3. leistungsbezogenen Unterlagen, die die Wirtschaftlichkeitsbewertung der Angebote anhand der Zuschlagskriterien betreffen. Diese dürfen grundsätzlich nicht nachgefordert werden. Dies gilt nicht für Preisangaben, wenn es sich um unwesentliche Einzelpositionen handelt, deren Einzelpreise den Gesamtpreis nicht verändern oder die Wertungsreihenfolge und den Wettbewerb nicht beeinträchtigen.
Die Möglichkeit der Nachforderung von Unterlagen steht im Ermessen des Auftraggebers. Er kann die Nachforderung auf diejenigen Bieter oder Bewerber beschränken, deren Teilnahmeanträge oder Angebote in die engere Wahl kommen. Er ist nicht verpflichtet, von allen Bietern und Bewerbern gleichermaßen
Unterlagen nachzufordern. In mehrstufigen Verfahren, in denen die Eignungsprüfung unter Verwendung der Eigenerklärung zur Eignung (124EU) oder des Bewerberbogens (1222EU) erfolgt ist, dürfen nur solche Bewerber zur Angebotsabgabe aufgefordert werden, die ihre Eignung im Rahmen eines Teilnahmewettbewerbs nachgewiesen haben und bei denen keine Ausschlussgründe vorliegen. Die Möglichkeit zur Nachforderung von bieterbezogenen Unterlagen, die Aspekte der Eignung betreffen, besteht also grundsätzlich nur bis zum Abschluss des Teilnahmewettbewerbs (Endgültige Eignungsprüfung).

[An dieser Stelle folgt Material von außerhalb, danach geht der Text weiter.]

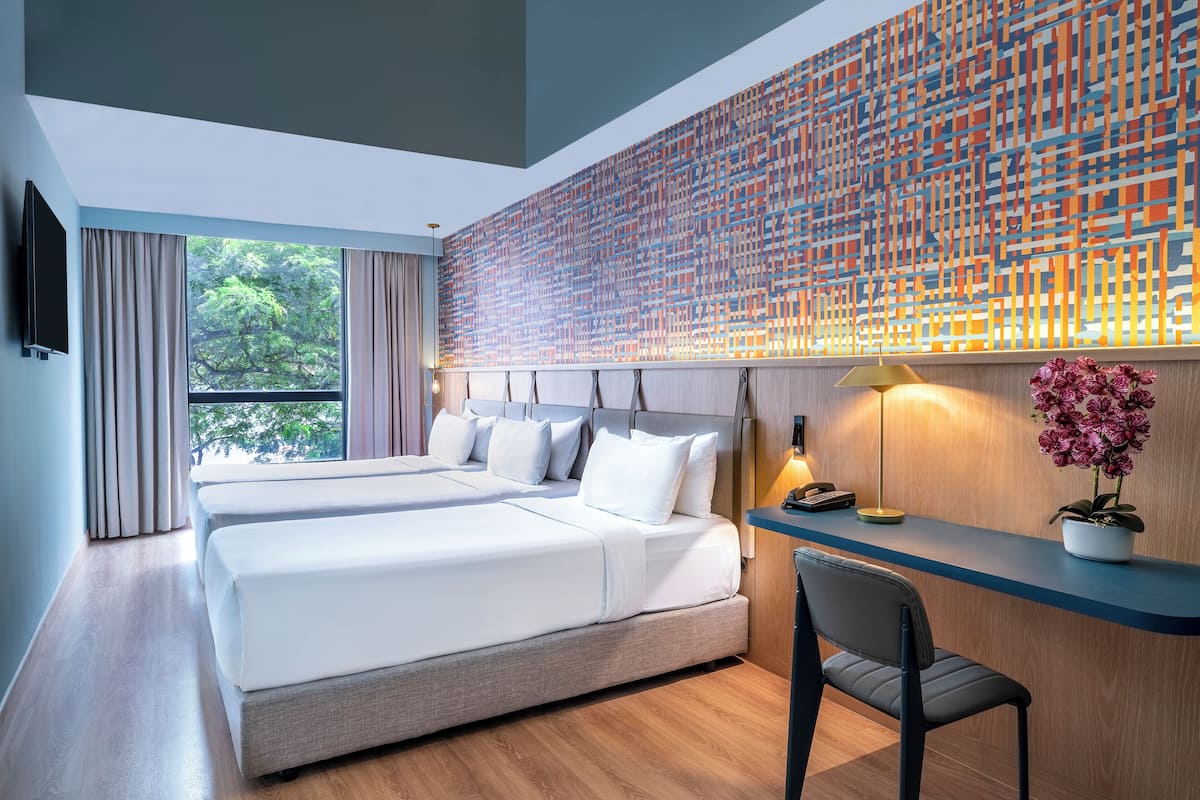 Una habitación de hotel moderna con una cama grande, un escritorio y vistas a zonas verdes por la ventana.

Erfolgt die Eignungsprüfung in mehrstufigen Verfahren unter Verwendung der Einheitlichen Europäischen Eigenerklärung – EEE ist der öffentlichen Auftraggeber berechtigt, von den Bewerbern oder Bietern jederzeit während des Verfahrens sämtliche oder einen Teil der nach den §§ 44 bis 49 VgV geforderten Unterlagen einzufordern, wenn dies zur Durchführung des Verfahrens erforderlich ist. (Vorläufige Eignungsprüfung).
Gemäß § 56 Absatz 4 VgV bestimmt der öffentliche Auftraggeber für das Nachreichen von Unterlagen eine angemessene Frist dem Kalender nach. Die Länge der Frist ist dabei abhängig vom Zeitaufwand der nachzureichenden Unterlagen festzulegen. Werden die nachgeforderten Erklärungen und Nachweise nicht form- und fristgerecht eingereicht, wird der Teilnahmeantrag/das Angebot gemäß § 57 VgV ausgeschlossen. Die Entscheidung zur Nachforderung und das Ergebnis der Nachforderung sind zu dokumentieren.